Assignment = Only the lines below between the ones containing "[upl. by Hareehahs]" and "تقوس الساقين", inclusive, are to be reproduced, each exactly as it stands.

Supplied data =
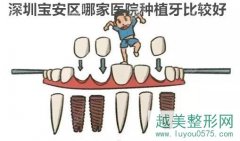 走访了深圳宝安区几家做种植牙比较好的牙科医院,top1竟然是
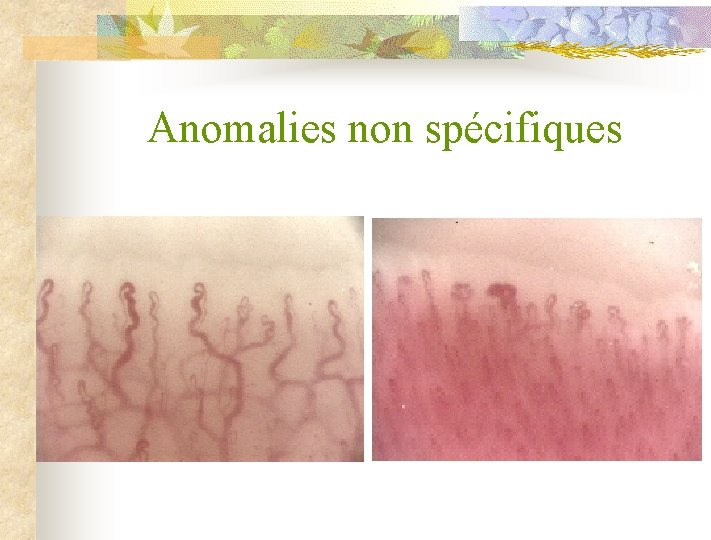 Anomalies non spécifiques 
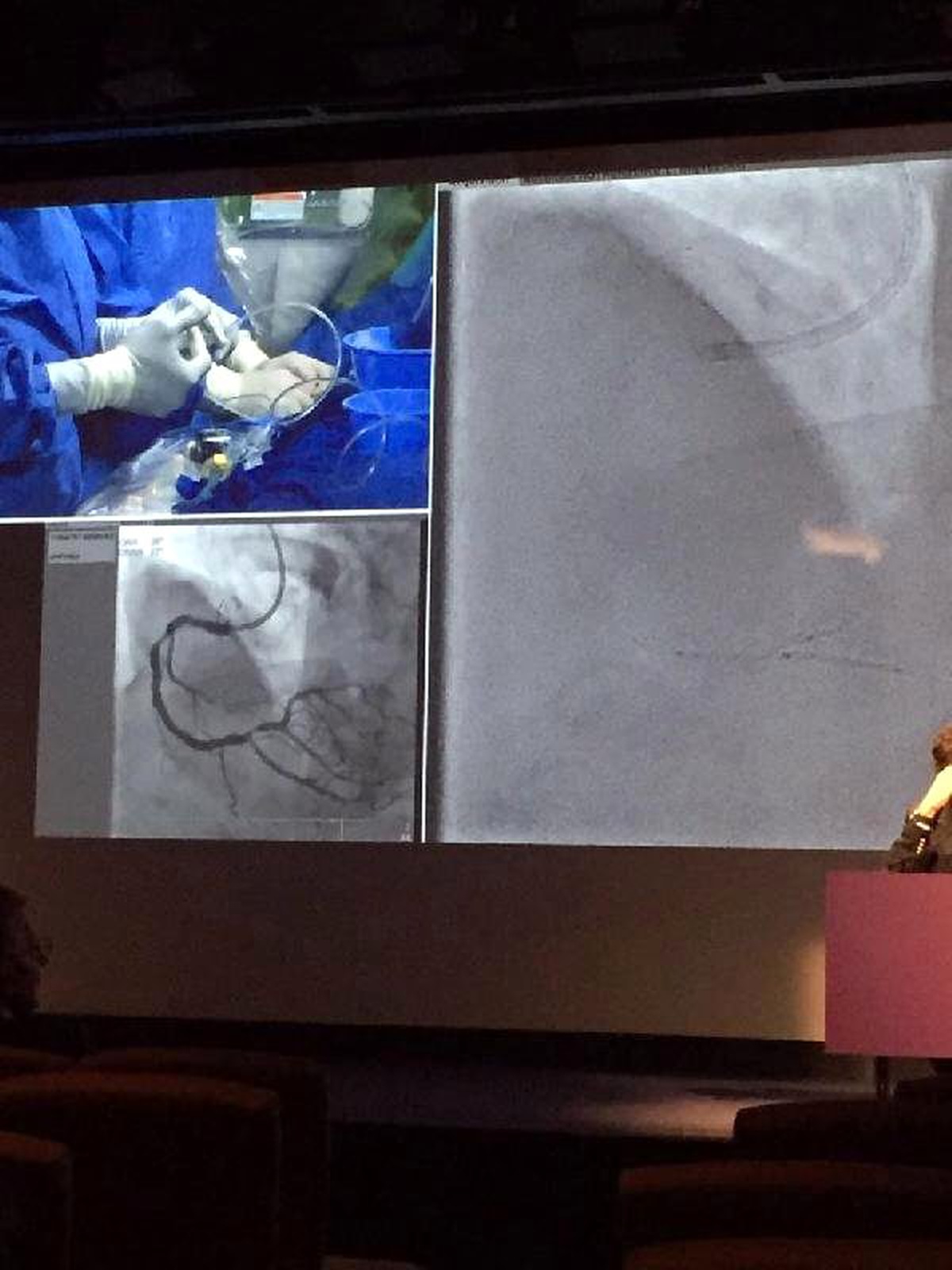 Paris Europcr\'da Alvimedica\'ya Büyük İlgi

--

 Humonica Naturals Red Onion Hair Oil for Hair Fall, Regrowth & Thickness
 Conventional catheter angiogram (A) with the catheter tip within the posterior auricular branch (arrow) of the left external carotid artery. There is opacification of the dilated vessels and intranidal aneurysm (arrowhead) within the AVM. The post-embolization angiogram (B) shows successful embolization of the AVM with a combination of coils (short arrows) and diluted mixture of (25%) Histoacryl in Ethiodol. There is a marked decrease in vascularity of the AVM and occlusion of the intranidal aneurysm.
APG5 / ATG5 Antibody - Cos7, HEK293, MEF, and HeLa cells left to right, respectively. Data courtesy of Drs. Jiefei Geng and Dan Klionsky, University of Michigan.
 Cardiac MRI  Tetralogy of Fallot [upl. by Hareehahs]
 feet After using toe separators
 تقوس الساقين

The completed task =
 Cardiac MRI  Tetralogy of Fallot [upl. by Hareehahs]
 feet After using toe separators
 تقوس الساقين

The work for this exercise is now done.